## Work to complete
Would you copy the entries that follow exactly, leaving out every picture?
══ Data shown
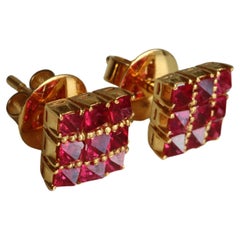 Jedi Angel Cut Spinel Stud Earrings in 18k Yellow Gold, VVS, 2.5Ct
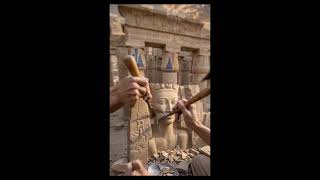Building an Ancient Egyptian Wonder: Hatshepsut's Temple Rises From Bare Desert in Hyper-Realistic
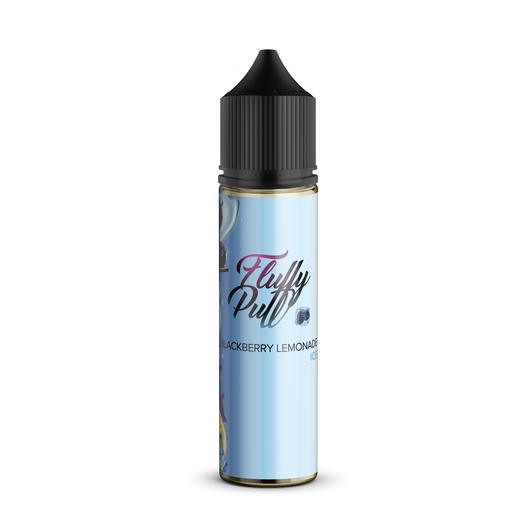 Набір рідини Fluffy Puff 60 мл 0 мг Org Blackberry Lemonade Ice (Лимонад з ожиною Лід)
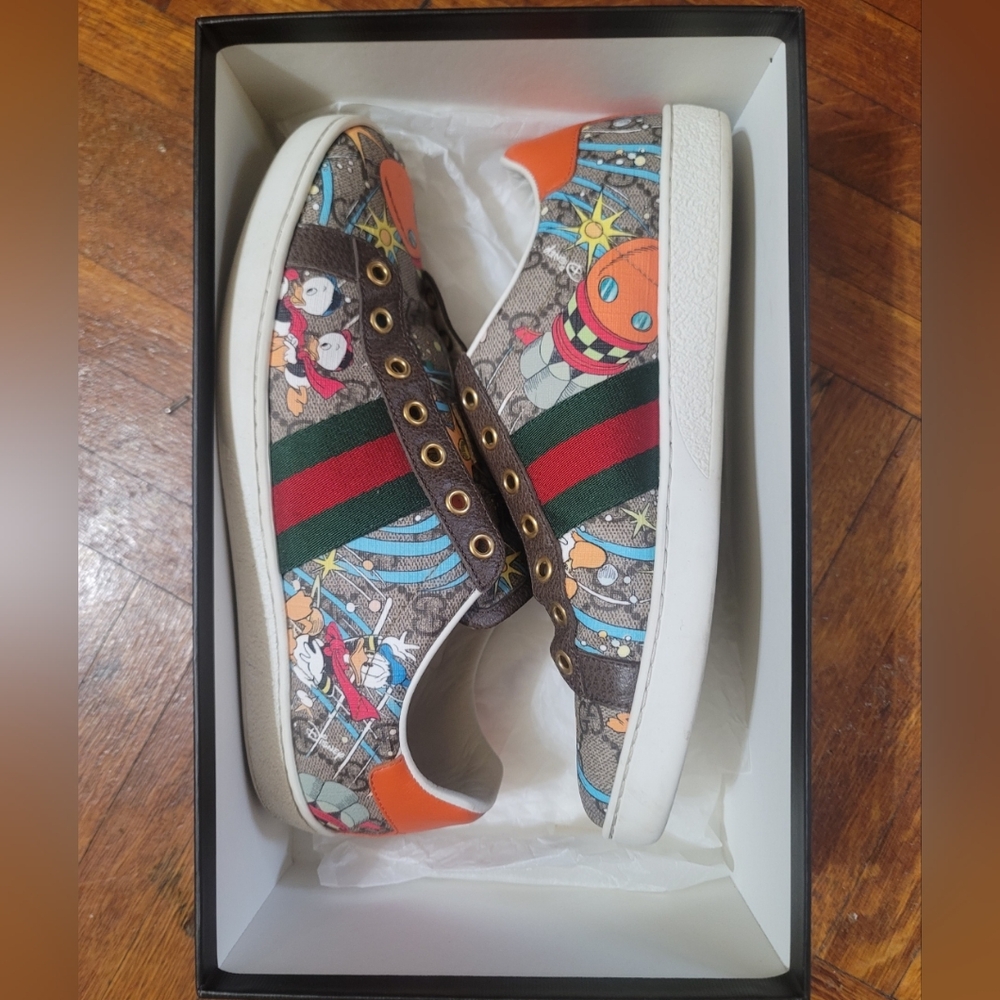 Disney Ace X GUCCI DEWEY, HUEY, LOUIE Womens size EU 39 US 8.5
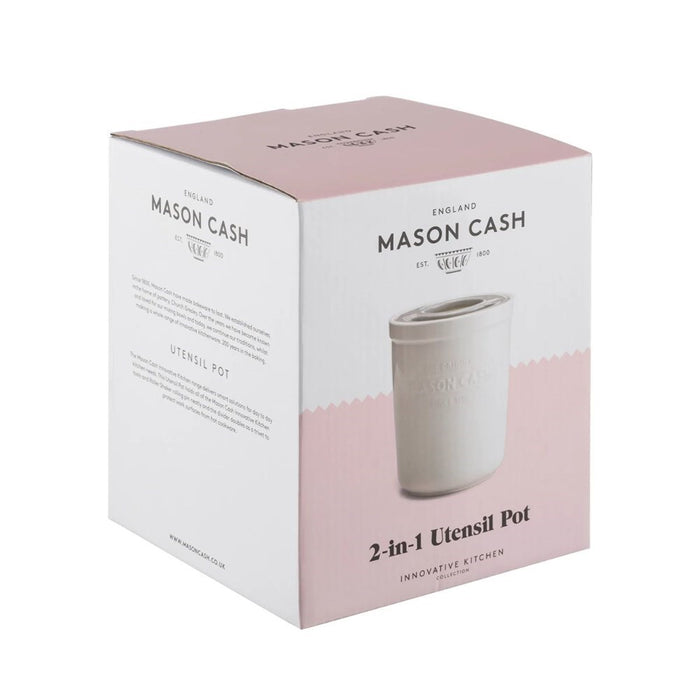 Mason Cash Innovative Kitchen Utensil Pot with Trivet - 19x15.5cm / 1.8L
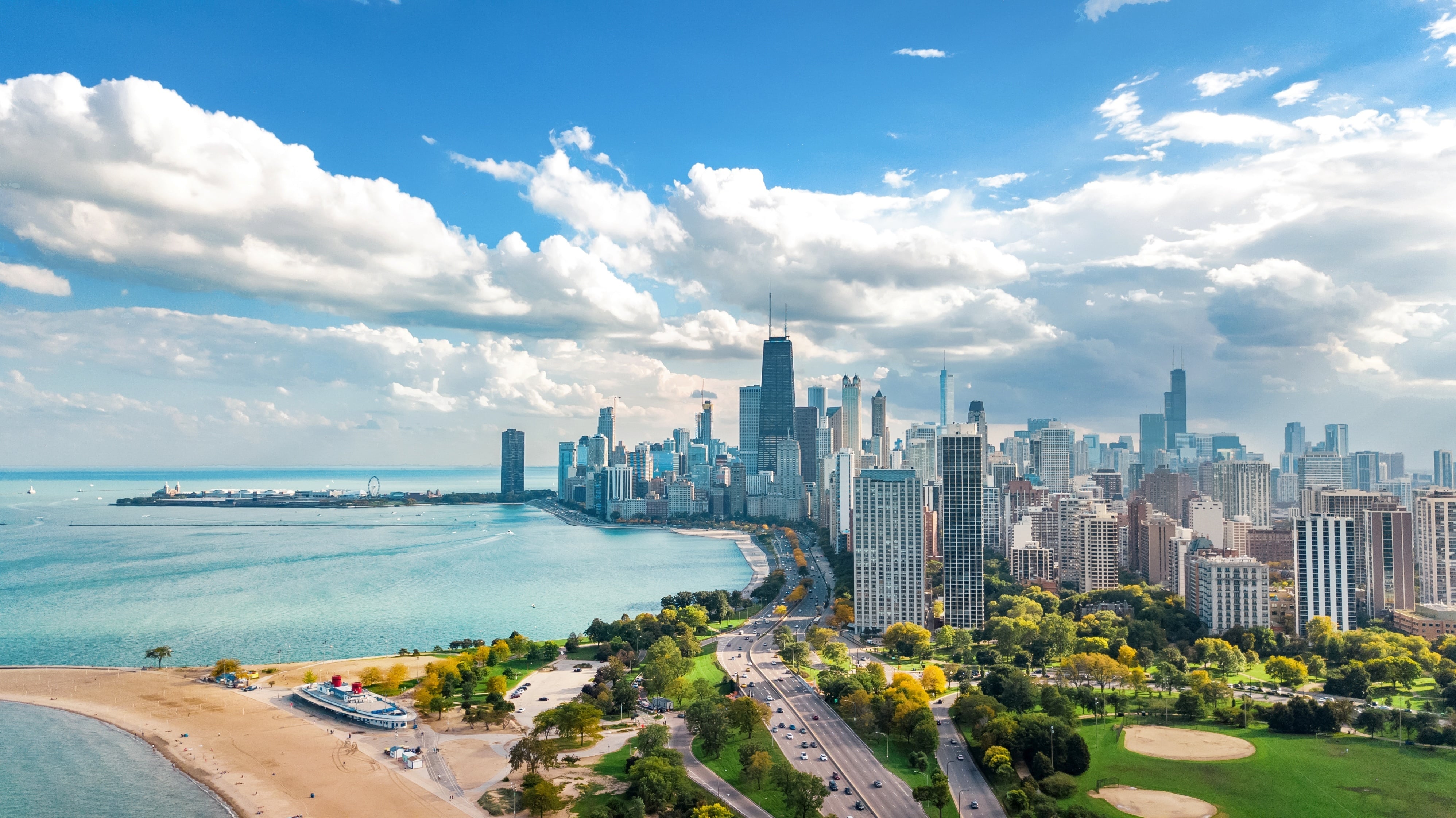 Skyline view of Chicago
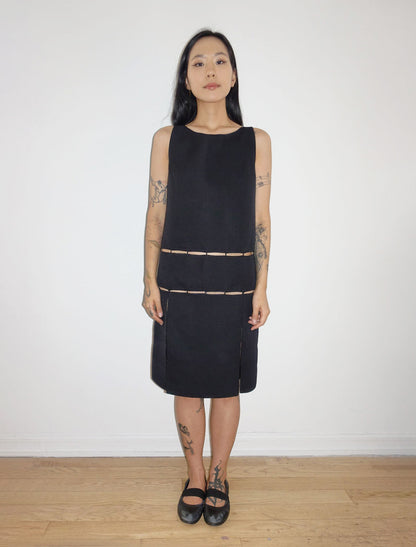 Prada cut-out wool dress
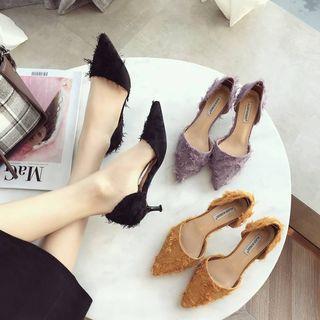 Fringed Pointed Pumps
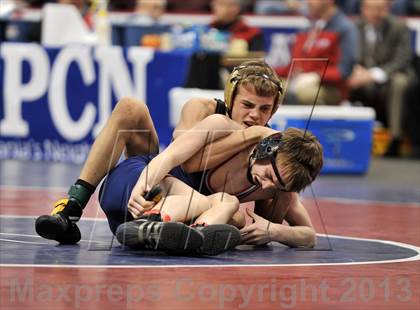 Thumbnail 1 in PIAA AA Wrestling Championships (Semifinals) photogallery.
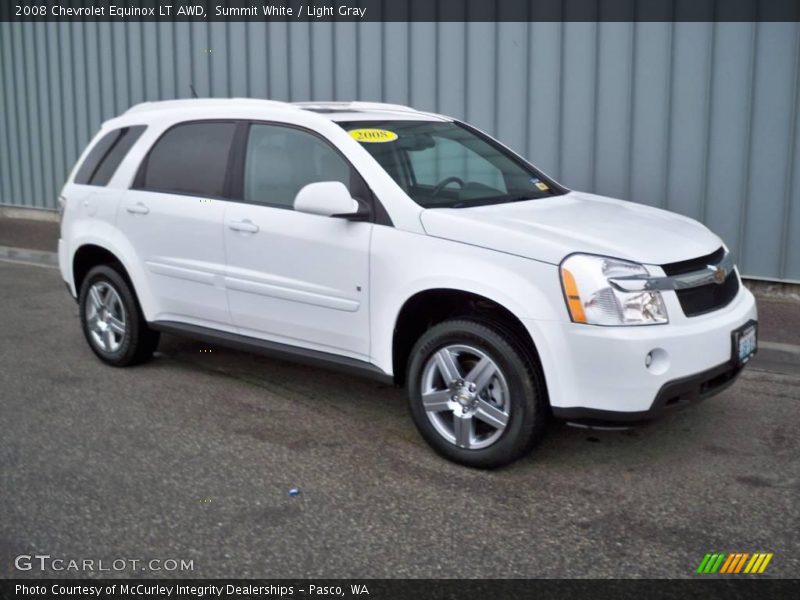 Summit White / Light Gray 2008 Chevrolet Equinox LT AWD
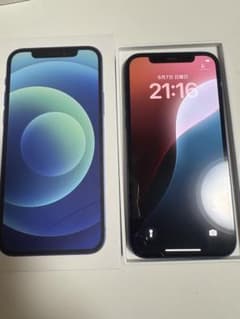 Apple iPhone 12 128GB ブルー　箱あり　新品ケース付きのサムネイル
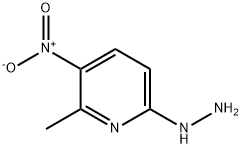 Pyridine,6-hydrazinyl-2-methyl-3-nitro- Structure
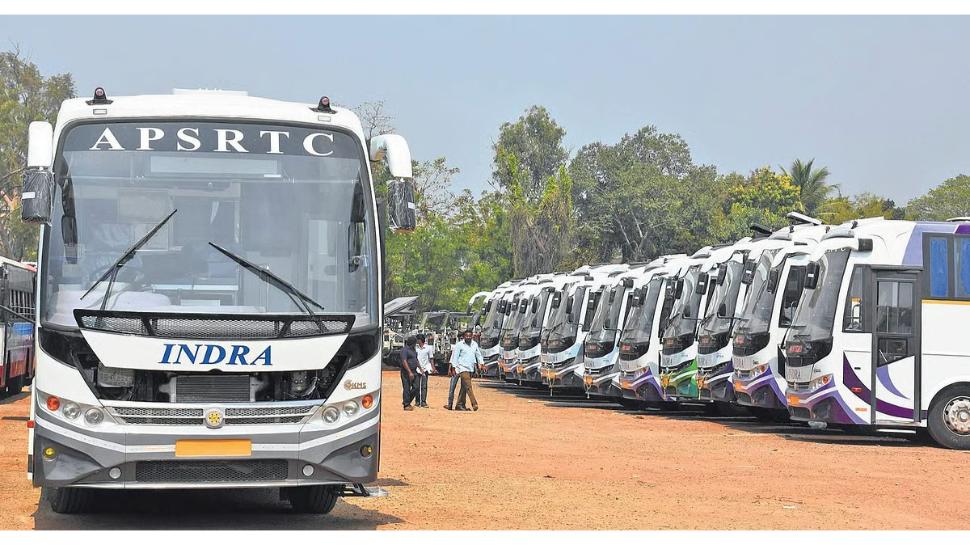 Stree shakti Free bus Scheme in ac busses:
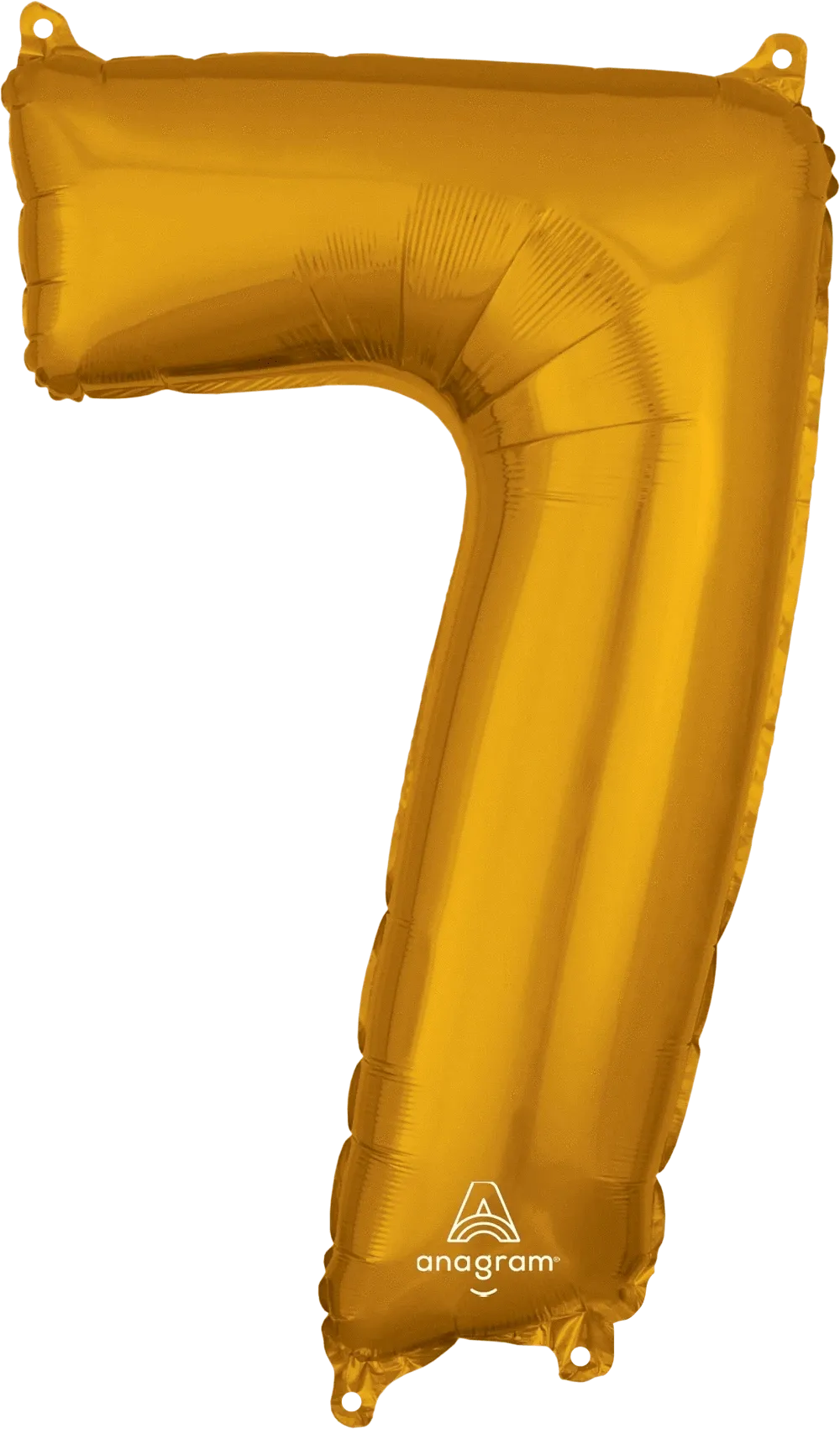 Anagram - 26" Number '7' Mylar Balloon - Gold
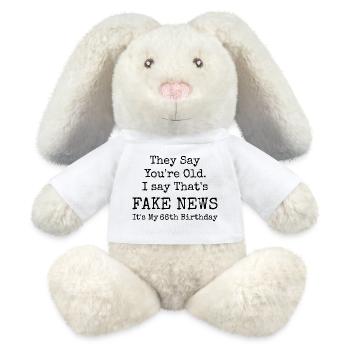 66th Birthday | 66 Years Old Birthday - MiniFeet® RecycelHase® Bunny Cream - white - Front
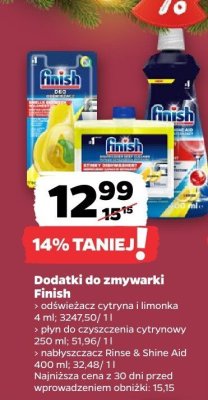 Dodatki do zmywarki Finish promocja w Netto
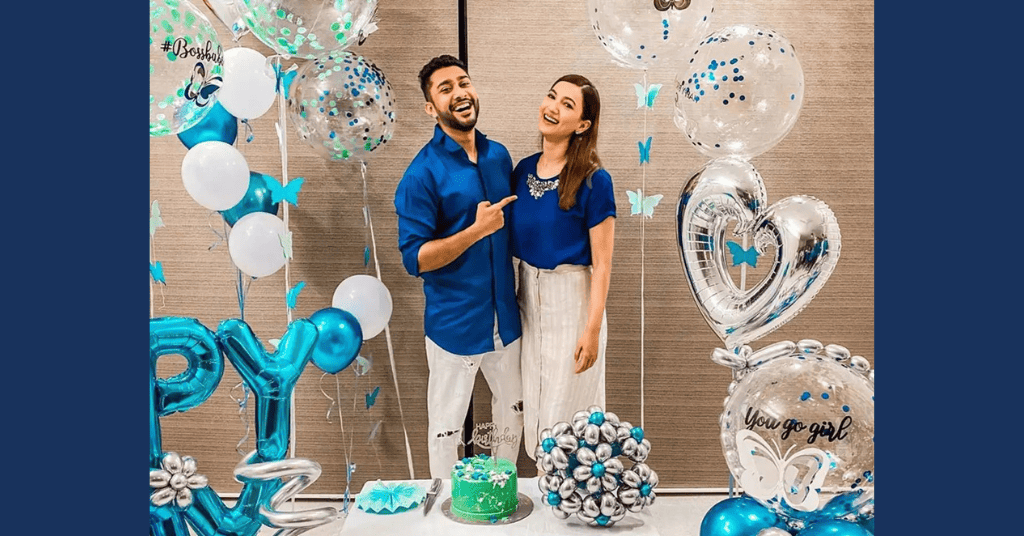 confetti balloon birthday decoration ideas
════
## Task result
 Jedi Angel Cut Spinel Stud Earrings in 18k Yellow Gold, VVS, 2.5Ct
Building an Ancient Egyptian Wonder: Hatshepsut's Temple Rises From Bare Desert in Hyper-Realistic
 Набір рідини Fluffy Puff 60 мл 0 мг Org Blackberry Lemonade Ice (Лимонад з ожиною Лід)
 Disney Ace X GUCCI DEWEY, HUEY, LOUIE Womens size EU 39 US 8.5
 Mason Cash Innovative Kitchen Utensil Pot with Trivet - 19x15.5cm / 1.8L
 Skyline view of Chicago
 Prada cut-out wool dress
 Fringed Pointed Pumps
 Thumbnail 1 in PIAA AA Wrestling Championships (Semifinals) photogallery.
 Summit White / Light Gray 2008 Chevrolet Equinox LT AWD
 Apple iPhone 12 128GB ブルー　箱あり　新品ケース付きのサムネイル
 Pyridine,6-hydrazinyl-2-methyl-3-nitro- Structure
 Stree shakti Free bus Scheme in ac busses:
 Anagram - 26" Number '7' Mylar Balloon - Gold
 66th Birthday | 66 Years Old Birthday - MiniFeet® RecycelHase® Bunny Cream - white - Front
 Dodatki do zmywarki Finish promocja w Netto
 confetti balloon birthday decoration ideas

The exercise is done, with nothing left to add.